The On Their Way Logo created by the delightful Amaka Korie
In less than a month On Their Way will be available for people to listen to. This is a fact that both excites me beyond belief and also renders me to a state of queasy anticipation. The day is coming. It’s practically here and there is still so much to do. It’s a peculiar sort of feeling, not because it’s left me with a low hum of anxious energy, though it has, but also because I feel unstuck in time. Everything feels like it’s moving so fast, and I know that I have a hand in contributing to that because I am struggling to simply be in the moment.

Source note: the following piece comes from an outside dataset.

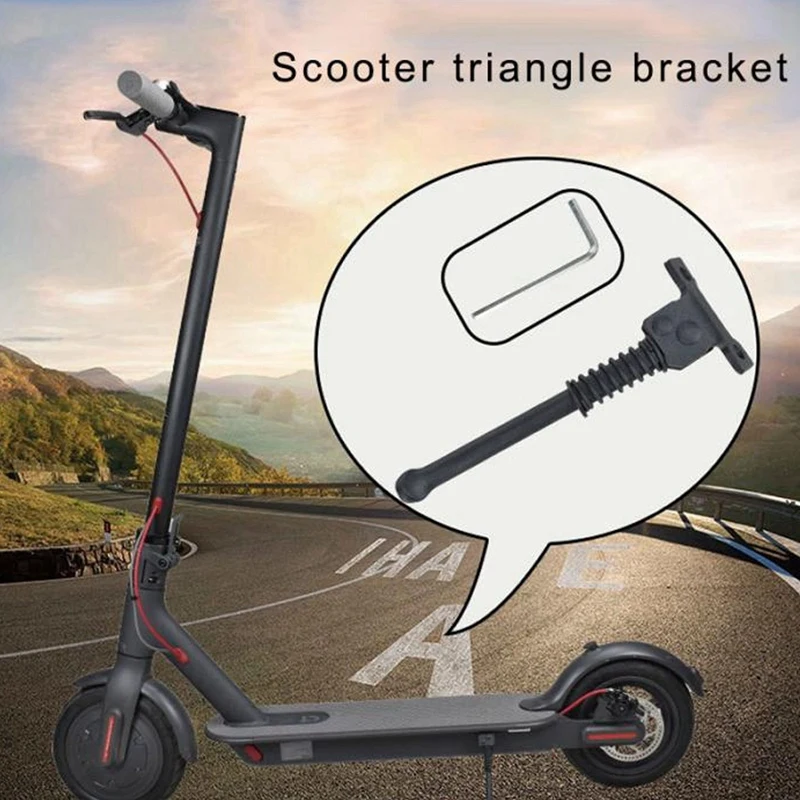 Foldable Foot Support Electric Scooter Kickstand- Parking Stand Kickstand with Installation Tool, for Xiaomi M365 / M365 Pro El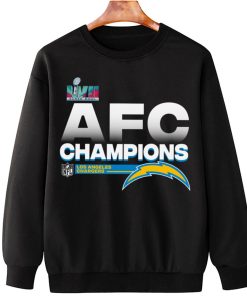 T Sweatshirt Hanging AFC10 Los Angeles Chargers AFC Champions LVII 2022 T Shirt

On some level, I get it. I’ve been waiting to produce a show under the WGC banner since I created WGC. And I have tried to produce a podcast under this banner before (it was an audio drama taht I'd written 27 episodes for before I realized I was currently unable to produce it) so being so close to debuting On Their Way feels like a massive personal victory, and I’m very eager to be able to fully feel that victory.
To me, sharing art is the most precious part of my artistic process. When I’ve had my plays produced in the past, the times I felt the happiest and proudest were when people laughed at the jokes I’d written (it really validated the fact that I think I’m funny) and when they’d come up after the show to talk to me about their theories and interpretations of the story. Even as I write this now, the same sense of joy washes over me. I love it so much. And since I’ve never produced my own work, I can only imagine the sense of accomplishment that will come when I put On Their Way out there for all to see. I am counting down the days till August 7th. This, however, is shaping itself up to be a kind of problem.
As the creator, producer, host, and editor for On Their Way, I spend a lot of time working on the show. Each morning I take the time to assure that the show will be prompt and of high-quality and sometimes it is very difficult to be in the moment and find joy in creating and working on a project I love. Every now and then it’ll creep up on me. I’ll find myself smiling as I record an interview or I’ll feel an immense sense of pride well in my chest as I edit out the numerous “ums” from an episode, but for the most part, I work and then all of the sudden it’s night outside and I have to go to sleep.
I’m trying to be more mindful of the moment. When I get into an editing flow, I take a few minutes to soak into the feeling of what I am doing and how cool a younger me would feel if they knew this is what they’d get to do someday. When I record my interviews I feel giddy because I get to hear about other people and everything feels sharp and focused. I’m even trying to take more active tactics to center myself int the moment (thanks, mediation), but that feeling of “being present” can go away after a few minutes, and would really like it if it didn’t do that.
Ultimately, I really want to know what you do to stay present because I really really want to be aware of the work and the process that I get to do. Do you have the same problem as me? If so, we can share the things that we do that seem to work, and hopefully, that will help us both. If you are consistently mindful, please share how you managed to get there. I’d love to learn from you!